= Michael G. Cornelius =

American scholar

Michael G. Cornelius is an American scholar specialising in early British literature and an author.

==Background==
Michael Cornelius was raised in Summerhill, New York. After receiving a bachelor's degree at St. John Fisher College and a master's at Marshall University, he completed a PhD in medieval literature at the University of Rhode Island. Subsequently, Cornelius joined Wilson College - a liberal arts women's college in Pennsylvania - in 2002, where he currently holds the post of Chair of the Department of English and Mass Communications. He is openly gay. He now lives in Chambersburg with his partner, Joe.

== Career ==

=== Professor ===
Cornelius has been published in a number of journals, including Fifteenth-Century Studies, Studies in Medieval and Renaissance Teaching, The Delta Epsilon Sigma Journal, and SCOTIA: A Journal of Scottish Studies. An article he wrote on Geoffrey Chaucer's ploughman appeared in the anthology Black Earth, Ivory Tower, and he has completed a manuscript on Edward II.

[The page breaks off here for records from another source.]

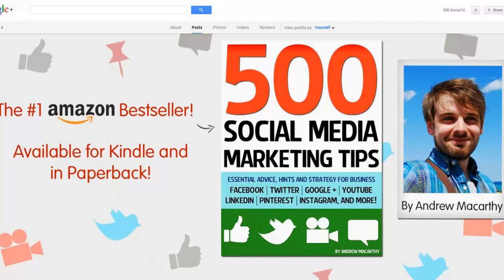In this video I'm going to show you how to change the name of your Google Plus page. For whatever reason you might have given it a name when you set up your account that you now want to change, especially as your Google Plus name represents your Google Plus page in search results.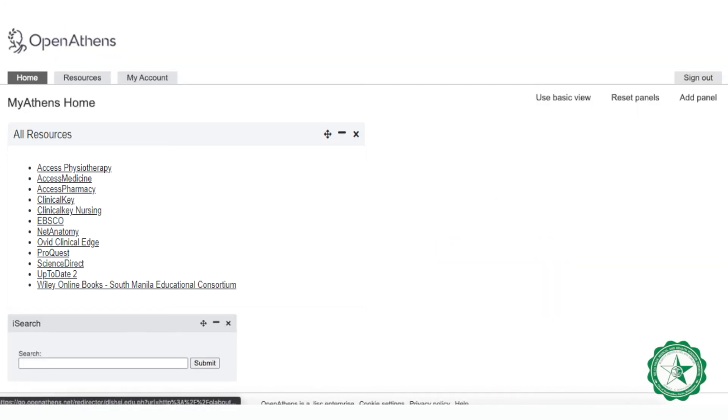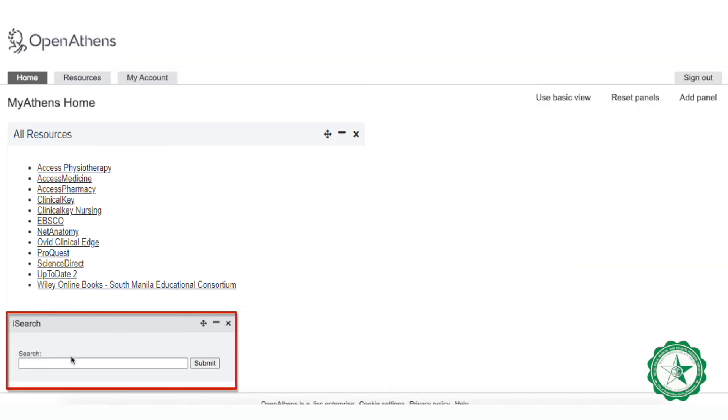You can also search using the iSearch search box here at the bottom.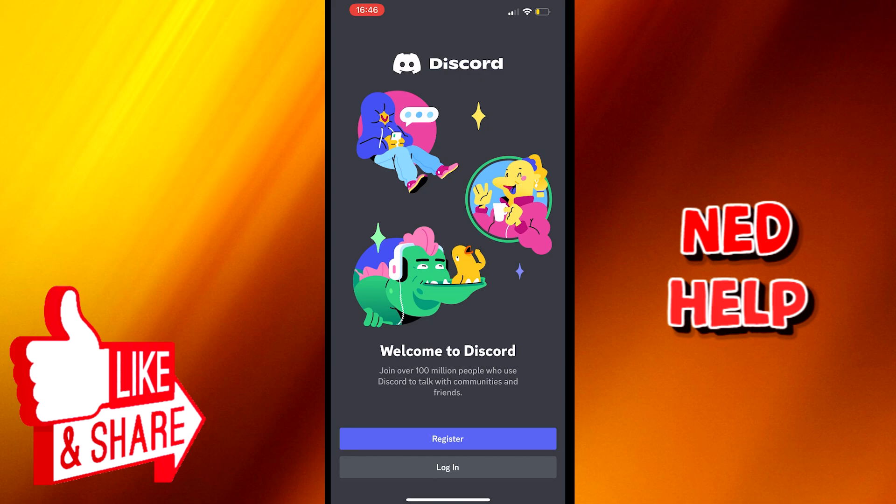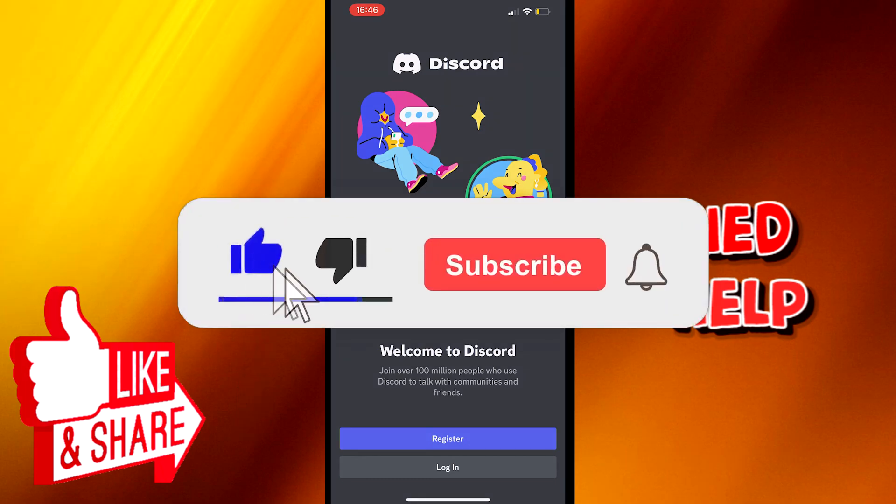If you already have an account, go to login and type your information here. Otherwise, you go to register.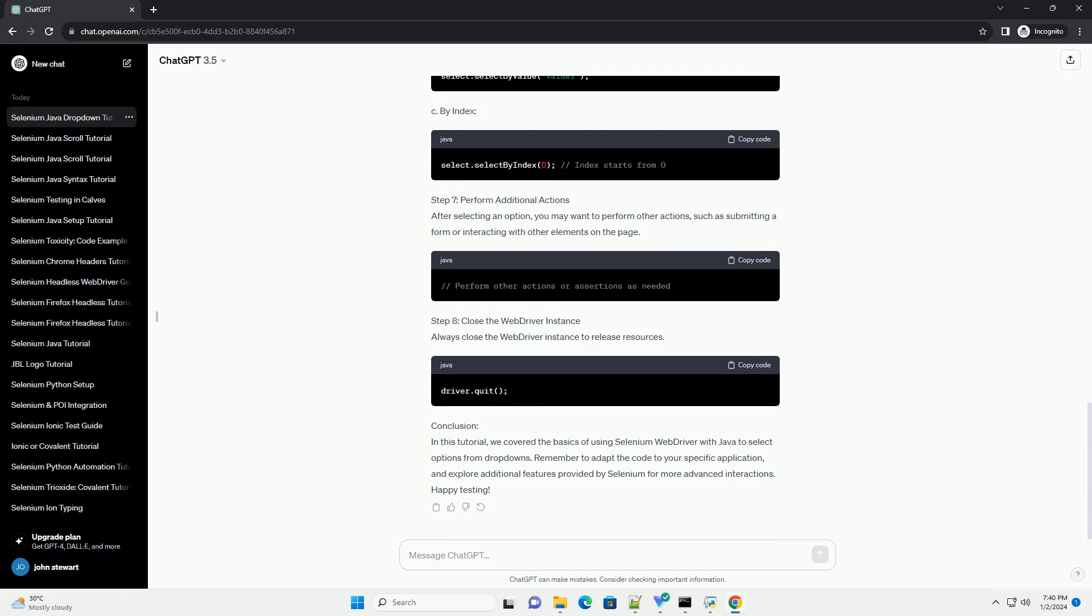Step 2, identify the drop-down element. Before interacting with the drop-down, you need to locate the HTML element corresponding to it. You can use browser developer tools to inspect the HTML and find the appropriate selector:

Although he specializes in early British literature, he has also taught on the structure of the English language, Christopher Marlowe, Robert Burns, and gay and lesbian literature. He runs a creative writing course at Wilson College, and was named a Pennsylvania Humanities Council scholar for 2006–2007, specialising in horror cinema.

=== Writer ===
In 2001, Cornelius (as "Michael G. Cornelius") published his first novel, Creating Man. A story of God's accidental creation of human emotions on the eighth day, told through a number of tales about gay men, the novel was a finalist at the 2002 Lambda Literary Awards, and was nominated for both an Independent Press Award and an American Library Association Award.

Two years later, in 2003, he co-authored (with Kate Emburg) the first of the Susan Slutt - Girl Detective novels, a parody of Nancy Drew-style works.

In 2007, Cornelius released his third novel - The Ascension - a religious-themed horror story.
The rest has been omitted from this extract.